Disposition of U.S. Real Property – Unlike other types of capital gains or losses, any gain or loss from the sale of real property located within the United States is automatically regarded as trade or business income. The gain or loss is therefore taxed on a net basis at the graduated tax rates. However, it is common that 10% of the gross sales price will be withheld as remitted to the IRS. This is required unless it creates an undue hardship on the part of the nonresident taxpayer. In that case, it is in the interest of the nonresident taxpayer to contact a knowledgeable tax advisor to assist them in reducing or eliminating this withholding requirement for that transaction. The appeal to reduce or eliminate the withholding on the transaction must be made before the transaction is completed and money is withheld. Once the money has been withheld you must file a tax return to receive back any monies owed to you as a refund..

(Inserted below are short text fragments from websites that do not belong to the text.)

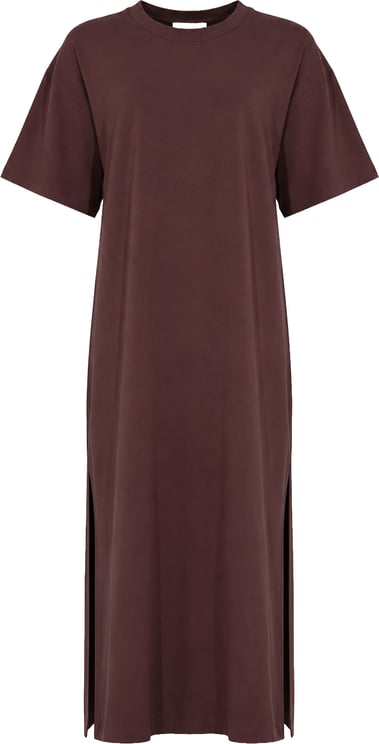 Alpha Studio Dresses Cioccolato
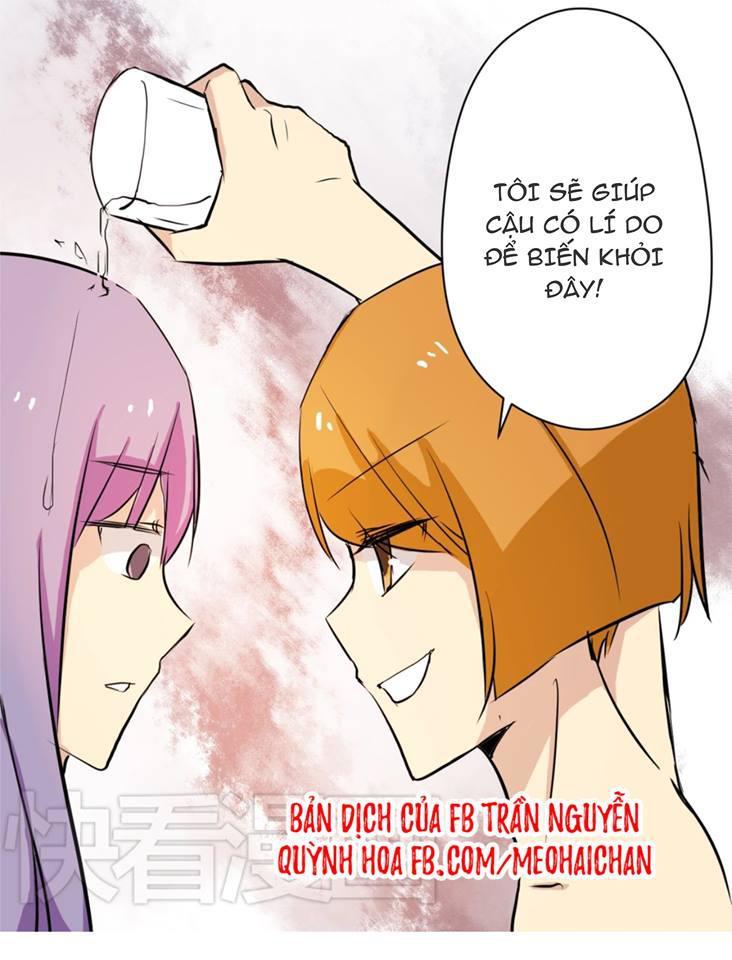 Quy Tắc Của Mỹ Nam Chapter 3 - Trang 2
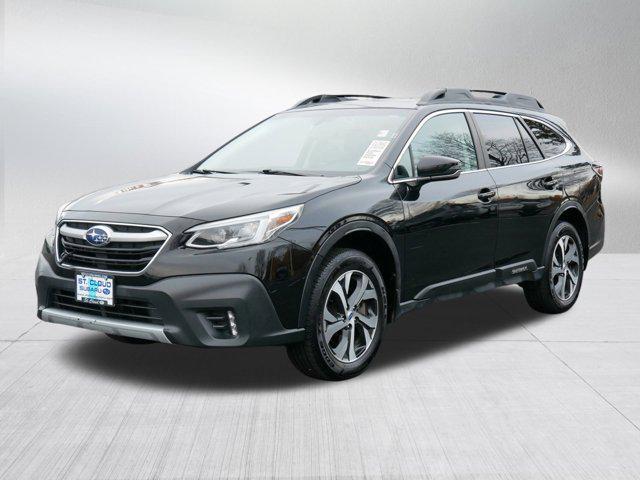 used 2020 Subaru Outback car, priced at $22,484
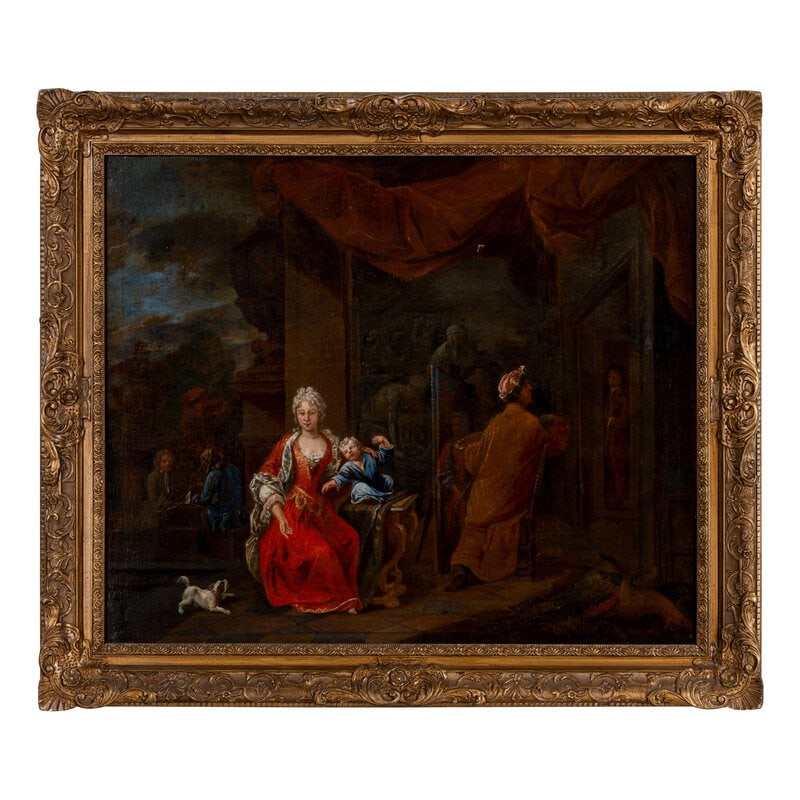 French School (18th Century) (1 of 1)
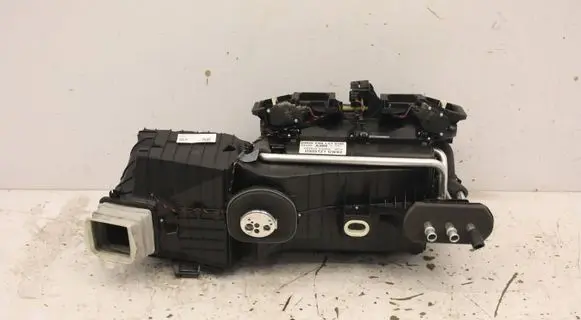 BMW 6 F06 Gran coupe Interior heater climate box assembly 9241198MWGK220626 9241198
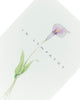 Classic Watercolour Flower Design Sympathy Bereavement Card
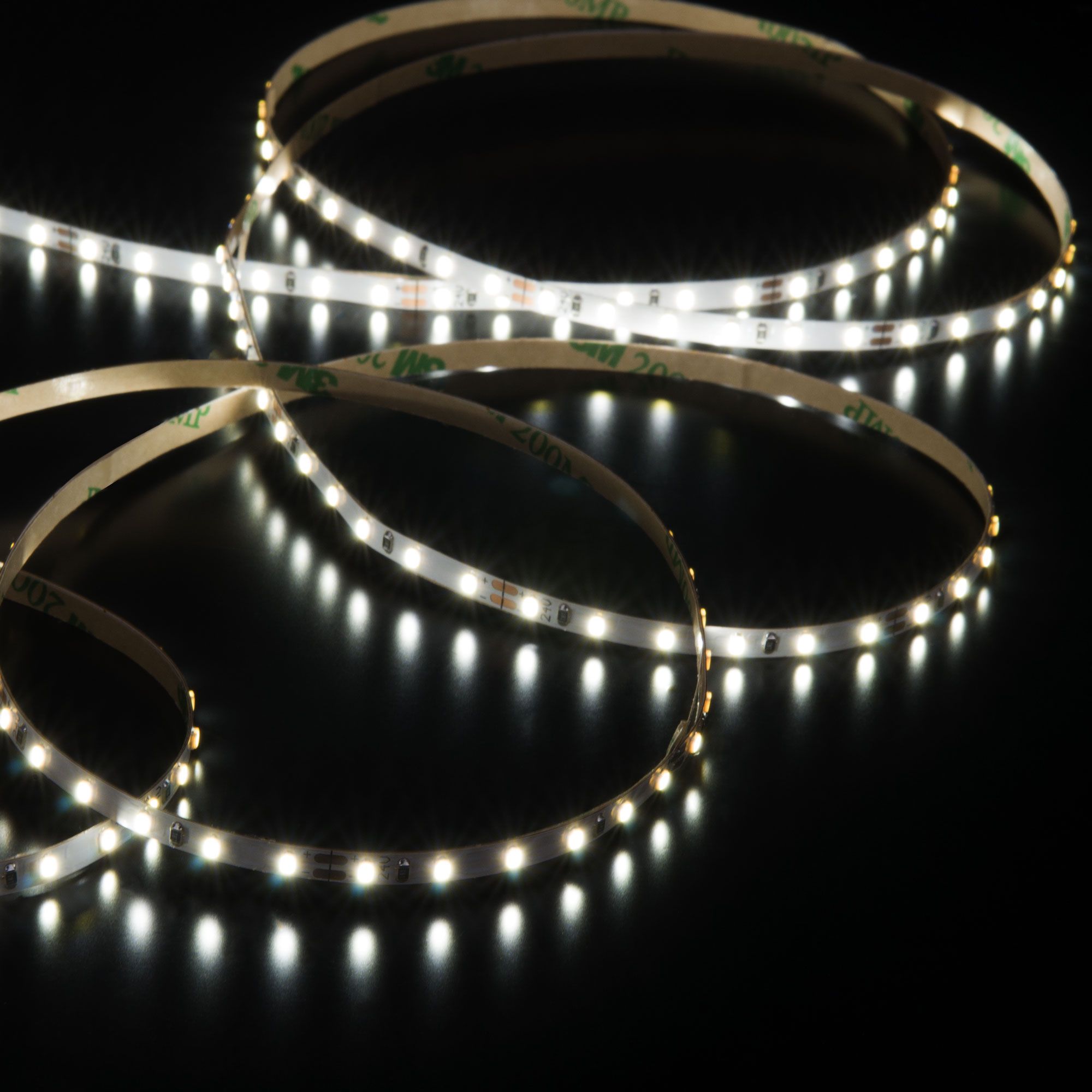 Лента светодиодная 24V 8W 120Led 2116 IP20 холодный белый, 5м 2116 24V 120Led 8W IP20 Elektrostandard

Filing Requirements and Procedures
The filing requirements for nonresidents are as follows: if you earned wages which were subject to U.S. income tax withholding, you should file your U.S. tax return (Form 1040NR) by April 15th of the following year (201D). If you did not receive wages subject to withholding, you have until June 15th of the following year (201D) to file Form 1040NR. If you cannot file your return by the appropriate due date, you may file an extension as discussed in Section I. Form 1040NR and any supporting schedules should be signed and sent to:Department of the Treasury Internal Revenue Service Center Austin, TX 73301-0215 U.S.A.
State Income Taxes
Each state, county and municipality in the United States has the right to impose its own Income Tax. Most states do exercise this right, while few counties or municipalities do so. Therefore, you may have to contend with State and possibly local taxing authorities while working in the U.S. While the rules vary from state to state, they usually follow the same principles as the Federal tax system and quite often either mimic it in format or use it as a starting point in their own calculations. Each state has its own filing requirements. However, if you work in a state, even for a short period of time, it is likely that you will have an obligation to file a tax return there. This is the case even if you are not considered to be a resident of the state.
This concludes our general discussion of nonresident alien taxation in the United States.